Dedicated ESRD Care Management in the Johns Hopkins MSSP ACO

From the 2018 HVPAA National Conference

Cassandra Peterson (Johns Hopkins Health Care), Linda Dunbar (Johns Hopkins Health Care), Sarah Himmelrich (Office of Johns Hopkins Physicians), Scott Feeser (Johns Hopkins Community Physicians), Scott Berkowitz (Johns Hopkins School of Medicine and Johns Hopkins Medicine Alliance for Patients, LLC)

Background

Within Johns Hopkins Medicine Alliance for Patients (JMAP) MSSP ACO, patients with end-stage renal disease (ESRD) were more costly than the national average. Based on Medicare Part A & B expenditures, JMAP ESRD patients in 2014 had annual expenditures of $102,524, compared with the national ACO average of $77,106.

Objectives

To reduce Part A & B expenditures while maintaining high quality care.

Methods

Johns Hopkins HealthCare (JHHC) provides Case Management/Disease Management for patients with ESRD who have begun chronic dialysis. The program had been developed for JHHC lines of business patients and was extended to serve JMAP beneficiaries. The Care Manager, a Registered Nurse or Clinical Social Worker with a background in ESRD, provides disease management through regularly scheduled visits to patients during the hemodialysis treatment or during the monthly office visit when the member has selected peritoneal dialysis. During these encounters, information/education is provided regarding options for renal replacement therapy (hemodialysis, peritoneal dialysis, and transplantation), and the challenges and advantages of each. In addition, adequacy of dialysis is monitored based on the National Kidney Foundation Dialysis Outcomes Quality Initiative guidelines (DOQI). The Renal Care Manager collaborates with appropriate providers to achieve and maintain these quality standards. The Care Manager also assists the member in preventing complications and with problem solving related to dialysis treatment, access care, medications, and management of the primary diagnosis.
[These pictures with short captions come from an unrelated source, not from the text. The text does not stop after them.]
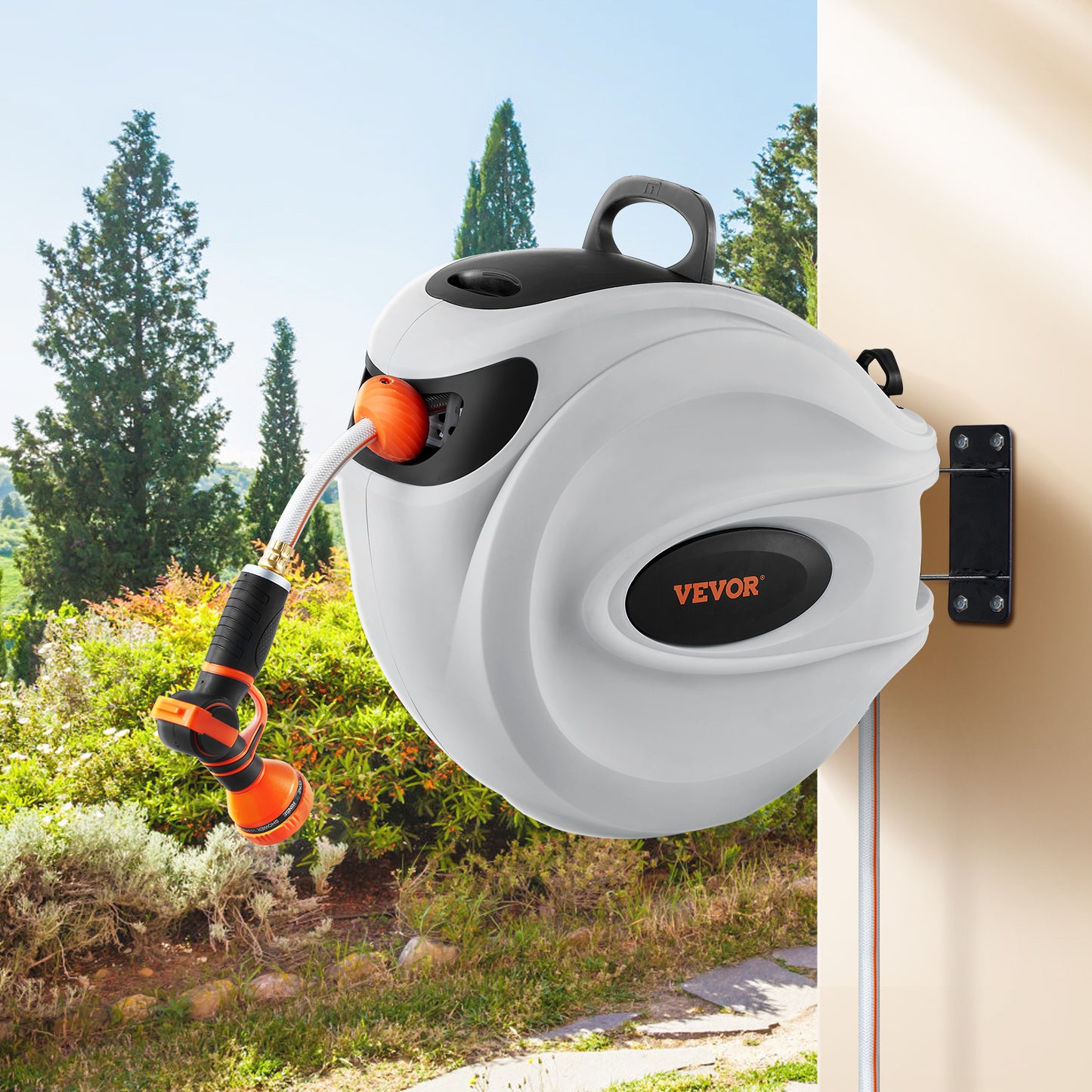 VEVOR Retractable Hose Reel Water Hose Reel 130inch Swivel Wall-Mounted
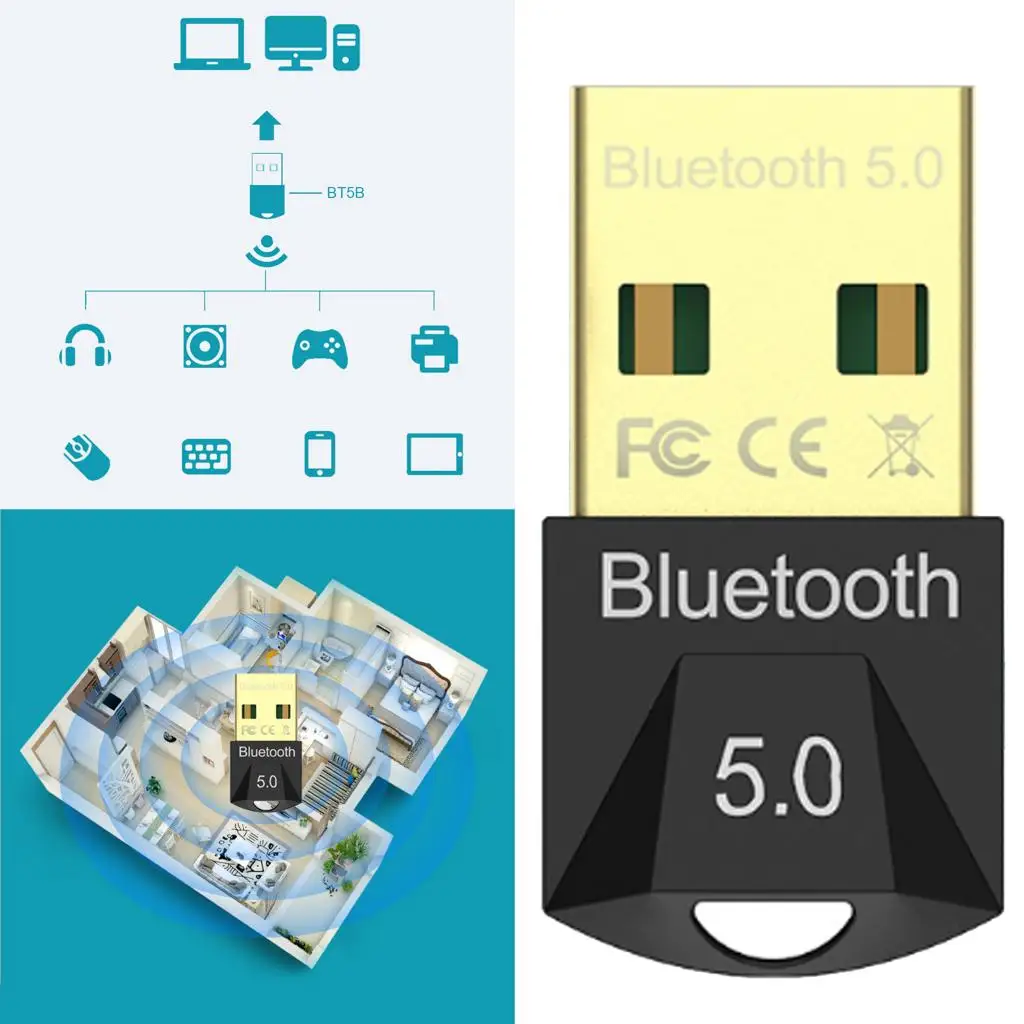 Adaptador Bluetooth 5,0 para PC, Mini Dongle USB, transferencia inalámbrica para PC,...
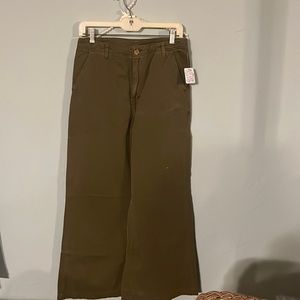 BNWT Free People size 8 green wide leg pants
To date 335 beneficiaries have been enrolled of approximately 590 beneficiaries identified as having potential ESRD based on data from the Johns Hopkins ACG System.  Reasons for not being enrolled include the beneficiary having been transplanted, no longer being on dialysis or declining services.  Obstacles which are unique to the Medicare population include: paying for the care management services if outside an ACO; lack of dental coverage which can be challenging if a beneficiary needs dental services as part of their work up for transplant; and durable medical equipment is more difficult to obtain due to the multiple requirements and restrictions.

Results

Annual costs associated with ESRD Medicare beneficiaries attributed to JMAP have decreased annually from $102,524 in 2014 to $97,174 in 2015 and further to $88,977 in 2016. Additionally, a risk-adjusted cost model using Medicare claims data in 2017 incorporating the Johns Hopkins ACG risk score, indicates that observed costs for ESRD patients are well below a predicted costs on a per member per month basis ($6,040 PMPM observed to $8,198 PMPM expected through Q4 2017). The cost of the intervention is $165 PMPM.

Conclusion

An ESRD Care Management program can help reduce total cost of care for Medicare beneficiaries in an ACO.

Implications for the Patient

Because patients with ESRD have high health care costs, approaches to control such costs are needed. Disease-specific care management for Medicare beneficiaries with ESRD can help achieve that goal.